Nothing in the records may change. Print them all again.

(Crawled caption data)

--------

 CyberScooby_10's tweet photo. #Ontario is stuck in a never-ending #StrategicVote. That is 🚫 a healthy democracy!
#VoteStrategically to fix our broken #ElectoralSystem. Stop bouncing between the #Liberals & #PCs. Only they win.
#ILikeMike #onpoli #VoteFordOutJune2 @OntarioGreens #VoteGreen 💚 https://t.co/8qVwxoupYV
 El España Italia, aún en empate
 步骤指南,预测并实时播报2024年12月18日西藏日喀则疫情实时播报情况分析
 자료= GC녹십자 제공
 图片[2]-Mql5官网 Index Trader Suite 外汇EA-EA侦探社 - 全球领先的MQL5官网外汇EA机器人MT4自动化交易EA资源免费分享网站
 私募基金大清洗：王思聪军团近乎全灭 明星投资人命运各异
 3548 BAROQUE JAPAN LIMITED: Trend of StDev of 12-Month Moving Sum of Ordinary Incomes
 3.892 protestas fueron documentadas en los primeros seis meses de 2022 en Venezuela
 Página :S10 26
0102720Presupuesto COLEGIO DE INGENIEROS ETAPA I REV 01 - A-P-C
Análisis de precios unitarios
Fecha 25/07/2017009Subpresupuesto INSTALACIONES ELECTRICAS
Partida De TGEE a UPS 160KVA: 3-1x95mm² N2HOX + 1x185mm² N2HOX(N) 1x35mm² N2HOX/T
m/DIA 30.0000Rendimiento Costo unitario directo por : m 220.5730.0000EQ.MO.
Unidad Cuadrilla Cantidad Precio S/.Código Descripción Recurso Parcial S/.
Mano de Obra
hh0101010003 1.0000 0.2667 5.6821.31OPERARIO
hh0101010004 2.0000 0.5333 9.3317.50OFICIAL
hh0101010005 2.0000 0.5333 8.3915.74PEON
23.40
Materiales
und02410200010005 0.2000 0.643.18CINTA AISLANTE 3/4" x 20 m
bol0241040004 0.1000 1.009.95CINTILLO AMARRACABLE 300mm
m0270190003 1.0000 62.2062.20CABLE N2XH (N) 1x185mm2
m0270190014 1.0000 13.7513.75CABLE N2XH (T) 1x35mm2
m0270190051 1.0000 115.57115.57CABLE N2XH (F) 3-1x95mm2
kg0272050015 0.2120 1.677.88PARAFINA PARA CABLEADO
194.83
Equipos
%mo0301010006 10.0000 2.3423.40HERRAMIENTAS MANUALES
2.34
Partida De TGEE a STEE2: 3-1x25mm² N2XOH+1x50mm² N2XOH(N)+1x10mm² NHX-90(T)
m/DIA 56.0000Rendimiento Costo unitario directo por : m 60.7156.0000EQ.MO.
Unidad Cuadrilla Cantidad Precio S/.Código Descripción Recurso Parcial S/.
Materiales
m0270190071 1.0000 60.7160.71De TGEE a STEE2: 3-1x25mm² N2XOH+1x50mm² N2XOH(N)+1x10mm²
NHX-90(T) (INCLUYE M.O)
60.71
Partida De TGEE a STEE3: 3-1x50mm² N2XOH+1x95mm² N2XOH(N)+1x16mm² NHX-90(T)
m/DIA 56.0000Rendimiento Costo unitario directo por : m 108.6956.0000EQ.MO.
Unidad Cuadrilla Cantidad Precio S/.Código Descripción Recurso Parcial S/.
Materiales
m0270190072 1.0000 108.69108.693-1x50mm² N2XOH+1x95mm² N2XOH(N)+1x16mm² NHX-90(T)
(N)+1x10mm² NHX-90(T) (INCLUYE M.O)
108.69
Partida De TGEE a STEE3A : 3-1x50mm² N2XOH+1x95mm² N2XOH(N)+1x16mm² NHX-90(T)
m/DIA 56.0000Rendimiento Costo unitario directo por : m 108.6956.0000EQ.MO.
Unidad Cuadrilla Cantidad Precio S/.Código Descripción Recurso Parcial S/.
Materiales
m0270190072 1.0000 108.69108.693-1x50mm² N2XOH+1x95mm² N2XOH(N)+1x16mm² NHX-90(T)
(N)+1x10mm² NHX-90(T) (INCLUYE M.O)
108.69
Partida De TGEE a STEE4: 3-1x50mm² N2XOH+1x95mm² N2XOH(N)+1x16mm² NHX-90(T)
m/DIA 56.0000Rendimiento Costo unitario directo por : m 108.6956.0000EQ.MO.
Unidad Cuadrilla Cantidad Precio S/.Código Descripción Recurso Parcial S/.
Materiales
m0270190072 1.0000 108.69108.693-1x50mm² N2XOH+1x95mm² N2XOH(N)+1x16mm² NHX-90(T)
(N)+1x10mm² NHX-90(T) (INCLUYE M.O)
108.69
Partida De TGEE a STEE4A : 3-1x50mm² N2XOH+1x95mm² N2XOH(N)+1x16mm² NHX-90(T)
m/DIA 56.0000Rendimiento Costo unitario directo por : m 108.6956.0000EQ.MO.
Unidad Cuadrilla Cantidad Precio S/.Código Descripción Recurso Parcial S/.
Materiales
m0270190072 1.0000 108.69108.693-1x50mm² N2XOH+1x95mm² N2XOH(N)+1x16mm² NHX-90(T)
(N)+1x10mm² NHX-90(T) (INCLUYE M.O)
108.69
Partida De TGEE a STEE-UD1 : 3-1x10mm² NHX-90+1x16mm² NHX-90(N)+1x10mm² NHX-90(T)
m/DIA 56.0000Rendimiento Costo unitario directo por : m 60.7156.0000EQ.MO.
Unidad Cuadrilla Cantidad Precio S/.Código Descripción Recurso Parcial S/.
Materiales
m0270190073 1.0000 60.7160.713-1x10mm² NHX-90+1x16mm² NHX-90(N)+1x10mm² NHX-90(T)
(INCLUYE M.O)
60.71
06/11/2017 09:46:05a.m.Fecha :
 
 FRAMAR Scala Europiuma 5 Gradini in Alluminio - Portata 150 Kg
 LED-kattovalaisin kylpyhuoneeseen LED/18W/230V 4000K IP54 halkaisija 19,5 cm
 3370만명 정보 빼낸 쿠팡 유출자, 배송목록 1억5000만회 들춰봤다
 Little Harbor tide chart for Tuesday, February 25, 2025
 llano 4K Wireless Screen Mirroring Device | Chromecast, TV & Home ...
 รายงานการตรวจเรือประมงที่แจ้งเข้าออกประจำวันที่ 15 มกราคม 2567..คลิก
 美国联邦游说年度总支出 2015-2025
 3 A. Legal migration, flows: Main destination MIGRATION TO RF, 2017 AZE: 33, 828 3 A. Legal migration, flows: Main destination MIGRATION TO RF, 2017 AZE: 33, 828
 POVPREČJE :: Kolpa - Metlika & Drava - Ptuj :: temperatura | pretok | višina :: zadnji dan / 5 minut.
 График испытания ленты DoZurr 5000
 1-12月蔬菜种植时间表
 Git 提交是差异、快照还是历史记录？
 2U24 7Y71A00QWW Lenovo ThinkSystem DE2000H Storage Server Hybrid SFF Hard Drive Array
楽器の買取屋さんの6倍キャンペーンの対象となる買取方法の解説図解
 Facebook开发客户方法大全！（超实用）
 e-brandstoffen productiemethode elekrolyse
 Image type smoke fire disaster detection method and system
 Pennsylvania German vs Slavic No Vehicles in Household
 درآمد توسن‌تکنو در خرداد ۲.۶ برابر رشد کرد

--------

> **Solution for this exercise**:
 CyberScooby_10's tweet photo. #Ontario is stuck in a never-ending #StrategicVote. That is 🚫 a healthy democracy!
#VoteStrategically to fix our broken #ElectoralSystem. Stop bouncing between the #Liberals & #PCs. Only they win.
#ILikeMike #onpoli #VoteFordOutJune2 @OntarioGreens #VoteGreen 💚 https://t.co/8qVwxoupYV
 El España Italia, aún en empate
 步骤指南,预测并实时播报2024年12月18日西藏日喀则疫情实时播报情况分析
 자료= GC녹십자 제공
 图片[2]-Mql5官网 Index Trader Suite 外汇EA-EA侦探社 - 全球领先的MQL5官网外汇EA机器人MT4自动化交易EA资源免费分享网站
 私募基金大清洗：王思聪军团近乎全灭 明星投资人命运各异
 3548 BAROQUE JAPAN LIMITED: Trend of StDev of 12-Month Moving Sum of Ordinary Incomes
 3.892 protestas fueron documentadas en los primeros seis meses de 2022 en Venezuela
 Página :S10 26
0102720Presupuesto COLEGIO DE INGENIEROS ETAPA I REV 01 - A-P-C
Análisis de precios unitarios
Fecha 25/07/2017009Subpresupuesto INSTALACIONES ELECTRICAS
Partida De TGEE a UPS 160KVA: 3-1x95mm² N2HOX + 1x185mm² N2HOX(N) 1x35mm² N2HOX/T
m/DIA 30.0000Rendimiento Costo unitario directo por : m 220.5730.0000EQ.MO.
Unidad Cuadrilla Cantidad Precio S/.Código Descripción Recurso Parcial S/.
Mano de Obra
hh0101010003 1.0000 0.2667 5.6821.31OPERARIO
hh0101010004 2.0000 0.5333 9.3317.50OFICIAL
hh0101010005 2.0000 0.5333 8.3915.74PEON
23.40
Materiales
und02410200010005 0.2000 0.643.18CINTA AISLANTE 3/4" x 20 m
bol0241040004 0.1000 1.009.95CINTILLO AMARRACABLE 300mm
m0270190003 1.0000 62.2062.20CABLE N2XH (N) 1x185mm2
m0270190014 1.0000 13.7513.75CABLE N2XH (T) 1x35mm2
m0270190051 1.0000 115.57115.57CABLE N2XH (F) 3-1x95mm2
kg0272050015 0.2120 1.677.88PARAFINA PARA CABLEADO
194.83
Equipos
%mo0301010006 10.0000 2.3423.40HERRAMIENTAS MANUALES
2.34
Partida De TGEE a STEE2: 3-1x25mm² N2XOH+1x50mm² N2XOH(N)+1x10mm² NHX-90(T)
m/DIA 56.0000Rendimiento Costo unitario directo por : m 60.7156.0000EQ.MO.
Unidad Cuadrilla Cantidad Precio S/.Código Descripción Recurso Parcial S/.
Materiales
m0270190071 1.0000 60.7160.71De TGEE a STEE2: 3-1x25mm² N2XOH+1x50mm² N2XOH(N)+1x10mm²
NHX-90(T) (INCLUYE M.O)
60.71
Partida De TGEE a STEE3: 3-1x50mm² N2XOH+1x95mm² N2XOH(N)+1x16mm² NHX-90(T)
m/DIA 56.0000Rendimiento Costo unitario directo por : m 108.6956.0000EQ.MO.
Unidad Cuadrilla Cantidad Precio S/.Código Descripción Recurso Parcial S/.
Materiales
m0270190072 1.0000 108.69108.693-1x50mm² N2XOH+1x95mm² N2XOH(N)+1x16mm² NHX-90(T)
(N)+1x10mm² NHX-90(T) (INCLUYE M.O)
108.69
Partida De TGEE a STEE3A : 3-1x50mm² N2XOH+1x95mm² N2XOH(N)+1x16mm² NHX-90(T)
m/DIA 56.0000Rendimiento Costo unitario directo por : m 108.6956.0000EQ.MO.
Unidad Cuadrilla Cantidad Precio S/.Código Descripción Recurso Parcial S/.
Materiales
m0270190072 1.0000 108.69108.693-1x50mm² N2XOH+1x95mm² N2XOH(N)+1x16mm² NHX-90(T)
(N)+1x10mm² NHX-90(T) (INCLUYE M.O)
108.69
Partida De TGEE a STEE4: 3-1x50mm² N2XOH+1x95mm² N2XOH(N)+1x16mm² NHX-90(T)
m/DIA 56.0000Rendimiento Costo unitario directo por : m 108.6956.0000EQ.MO.
Unidad Cuadrilla Cantidad Precio S/.Código Descripción Recurso Parcial S/.
Materiales
m0270190072 1.0000 108.69108.693-1x50mm² N2XOH+1x95mm² N2XOH(N)+1x16mm² NHX-90(T)
(N)+1x10mm² NHX-90(T) (INCLUYE M.O)
108.69
Partida De TGEE a STEE4A : 3-1x50mm² N2XOH+1x95mm² N2XOH(N)+1x16mm² NHX-90(T)
m/DIA 56.0000Rendimiento Costo unitario directo por : m 108.6956.0000EQ.MO.
Unidad Cuadrilla Cantidad Precio S/.Código Descripción Recurso Parcial S/.
Materiales
m0270190072 1.0000 108.69108.693-1x50mm² N2XOH+1x95mm² N2XOH(N)+1x16mm² NHX-90(T)
(N)+1x10mm² NHX-90(T) (INCLUYE M.O)
108.69
Partida De TGEE a STEE-UD1 : 3-1x10mm² NHX-90+1x16mm² NHX-90(N)+1x10mm² NHX-90(T)
m/DIA 56.0000Rendimiento Costo unitario directo por : m 60.7156.0000EQ.MO.
Unidad Cuadrilla Cantidad Precio S/.Código Descripción Recurso Parcial S/.
Materiales
m0270190073 1.0000 60.7160.713-1x10mm² NHX-90+1x16mm² NHX-90(N)+1x10mm² NHX-90(T)
(INCLUYE M.O)
60.71
06/11/2017 09:46:05a.m.Fecha :
 
 FRAMAR Scala Europiuma 5 Gradini in Alluminio - Portata 150 Kg
 LED-kattovalaisin kylpyhuoneeseen LED/18W/230V 4000K IP54 halkaisija 19,5 cm
 3370만명 정보 빼낸 쿠팡 유출자, 배송목록 1억5000만회 들춰봤다
 Little Harbor tide chart for Tuesday, February 25, 2025
 llano 4K Wireless Screen Mirroring Device | Chromecast, TV & Home ...
 รายงานการตรวจเรือประมงที่แจ้งเข้าออกประจำวันที่ 15 มกราคม 2567..คลิก
 美国联邦游说年度总支出 2015-2025
 3 A. Legal migration, flows: Main destination MIGRATION TO RF, 2017 AZE: 33, 828 3 A. Legal migration, flows: Main destination MIGRATION TO RF, 2017 AZE: 33, 828
 POVPREČJE :: Kolpa - Metlika & Drava - Ptuj :: temperatura | pretok | višina :: zadnji dan / 5 minut.
 График испытания ленты DoZurr 5000
 1-12月蔬菜种植时间表
 Git 提交是差异、快照还是历史记录？
 2U24 7Y71A00QWW Lenovo ThinkSystem DE2000H Storage Server Hybrid SFF Hard Drive Array
楽器の買取屋さんの6倍キャンペーンの対象となる買取方法の解説図解
 Facebook开发客户方法大全！（超实用）
 e-brandstoffen productiemethode elekrolyse
 Image type smoke fire disaster detection method and system
 Pennsylvania German vs Slavic No Vehicles in Household
 درآمد توسن‌تکنو در خرداد ۲.۶ برابر رشد کرد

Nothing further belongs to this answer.